Segment Start: Task data
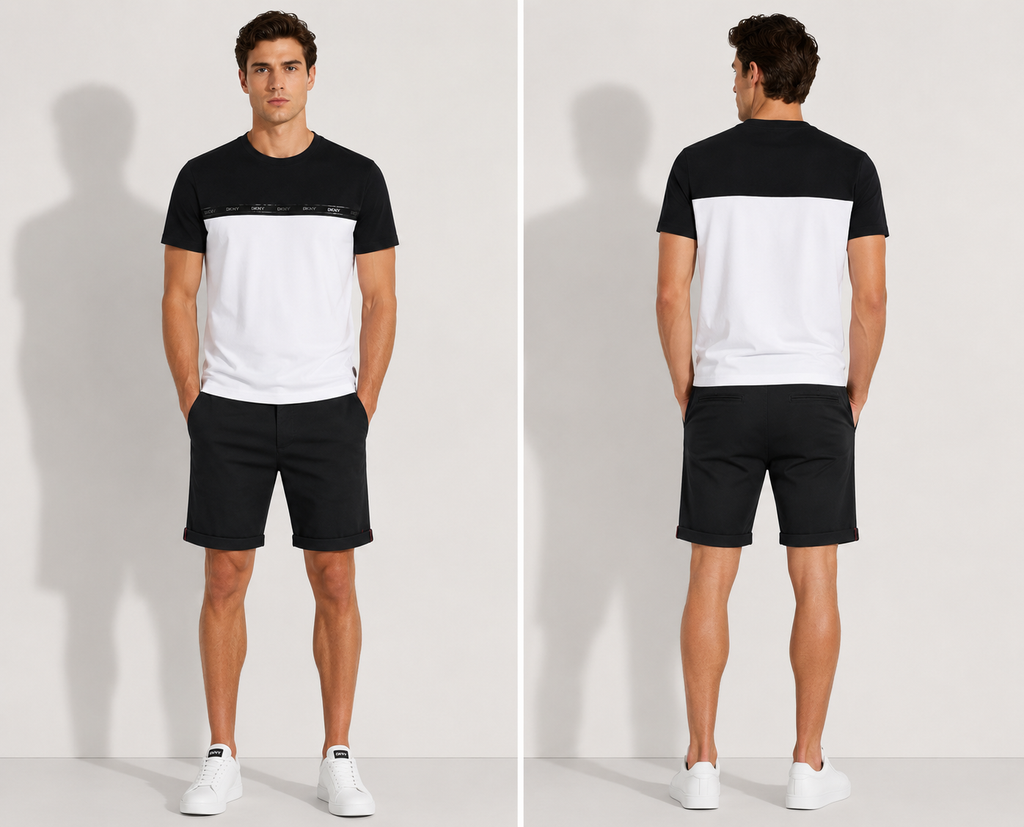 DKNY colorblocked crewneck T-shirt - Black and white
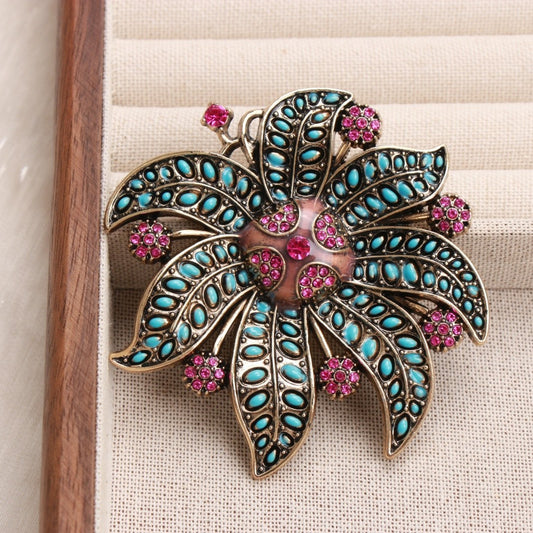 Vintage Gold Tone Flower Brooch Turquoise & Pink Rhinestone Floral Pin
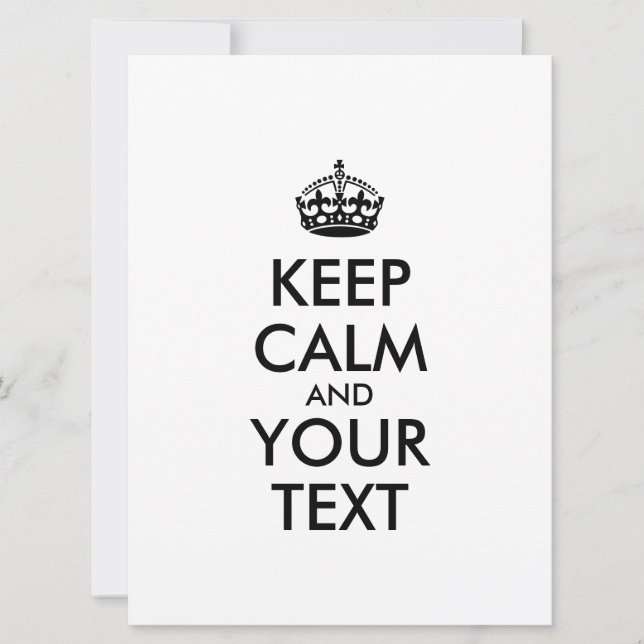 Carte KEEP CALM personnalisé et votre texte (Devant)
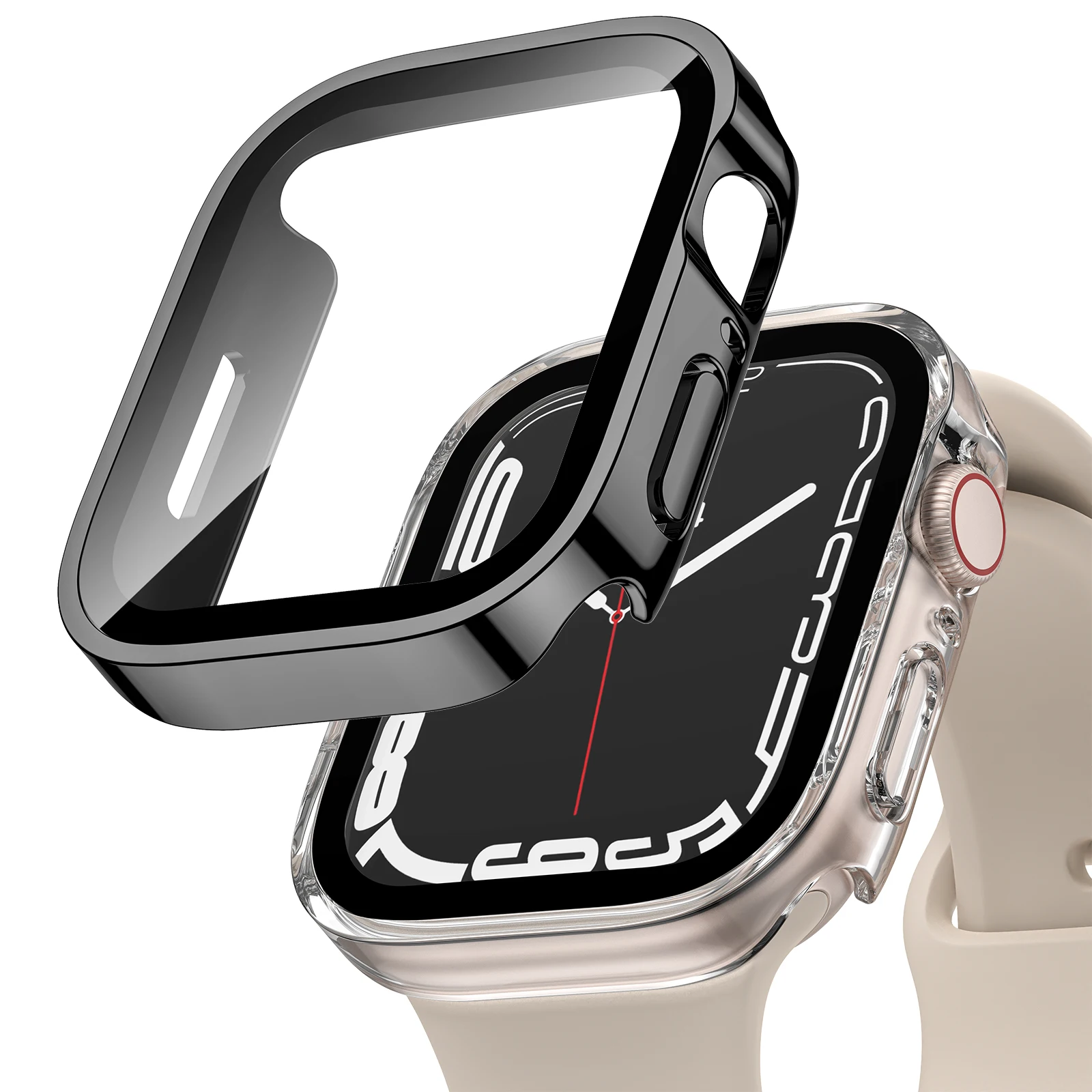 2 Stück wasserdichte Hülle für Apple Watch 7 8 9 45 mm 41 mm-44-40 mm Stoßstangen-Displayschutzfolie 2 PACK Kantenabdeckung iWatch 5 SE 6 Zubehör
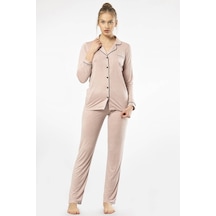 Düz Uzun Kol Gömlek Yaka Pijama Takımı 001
Segment End: Task data
§ **Task instructions**
Your output should consist solely of the lines from the line containing "2 Stück wasserdichte" through the last line of the entries, verbatim, minus any pictures.

§ **Worked solution**
 2 Stück wasserdichte Hülle für Apple Watch 7 8 9 45 mm 41 mm-44-40 mm Stoßstangen-Displayschutzfolie 2 PACK Kantenabdeckung iWatch 5 SE 6 Zubehör
 Düz Uzun Kol Gömlek Yaka Pijama Takımı 001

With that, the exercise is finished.